Find all solutions to the functional equation $f(x+y)-f(y)=\frac{x}{y(x+y)}$ 
Find all solutions to the functional equation
  $f(x+y)-f(y)=\cfrac{x}{y(x+y)}$

I've tried the substitution technique but I didn't really get something useful.
For $y=1$ I have  
$F(x+1)-F(1)=\cfrac{x}{x+1}$
A pattern I've found in this example is that if I iterate $n$ times the function $g(x)=\cfrac{x}{x+1}$  I have that $g^n(x)=\cfrac{x}{nx +1}$ ,which may be a clue about the general behaviour of the function ( ?) .
I am really kinda of clueless ,it seems like the problem is calling some slick way of solving it.
Can you guys give me a hint ?
 A: $f(x+y)-f(y)
=\cfrac{x}{y(x+y)}
=\frac1{y}-\frac1{x+y}
$
so
$f(x+y)+\frac1{x+y}
=f(y)+\frac1{y}
$.
Therefore,
$f(x)+\frac1{x}$
is constant,
so
$f(x)
=d-\frac1{x}
$
for some $d$.
Substituting this,
the $d$s cancel out,
so any $d$ works,
and the solution is
$f(x)
=d-\frac1{x}
$
for any $d$.
A: Hint: Let $x=1-y$, hence $x+y=1$.
Then we get $$f(1)-f(y)=\frac{1-y}{y}$$
I will include the full solution in a spoiler, since you only asked for a hint.

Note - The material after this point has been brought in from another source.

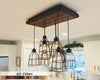 Cleveland Farmhouse Chandelier Island Pendant Light Ceiling Light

  This gives $f(0)=c$ and $f(1)=d$, then $f(y)=\frac{y-1}{y}+d$ for all other $y$. This simplifies to $f(0)=c$ and $f(y)=\frac{y-1}{y}+d$ for all other $y$.  We have to check whether every such function satisfies. Note that neither $y$ nor $x+y$ can ever be zero, so $f(0)$ can indeed be anything.  Now we have to check the other values: Does  $$\left(\frac{x+y-1}{x+y} + d\right) - \left(\frac{y-1}{y} +d \right) = \frac{y}{y(x+y)} ?$$  $$\frac{y(x+y-1)-(y-1)(x+y)}{y(x+y)} = \frac{y}{y(x+y)} ?$$  It turns out that the functions do satisfy the functional equation. 

A: Another approach: I assume that $f$ is a function of a single real variable.Write the defining equation as $\frac{f(y+x) - f(y)}{(y+x)- y} = \frac{1}{y(x+y)}$
(for $x,y,(x+y) \neq 0).$ Take the limit as $x \to 0$. On the one hand this limit is $\frac{1}{y^{2}}.$ On the other hand, the limit is, by definition, the derivative $f^{\prime}(y)$, (and we have proved that this exists for $y \neq 0$).
An antiderivative of $\frac{1}{y^{2}}$ is $\frac{-1}{y}$. Hence $f(y) = \frac{-1}{y} + C$ for a constant $C$, as long as $y \neq 0$. (Strictly speaking this proves that any function $f$ which satisfies the equation has to be of the described form. It should be checked that such functions satisfy the equation- but they do).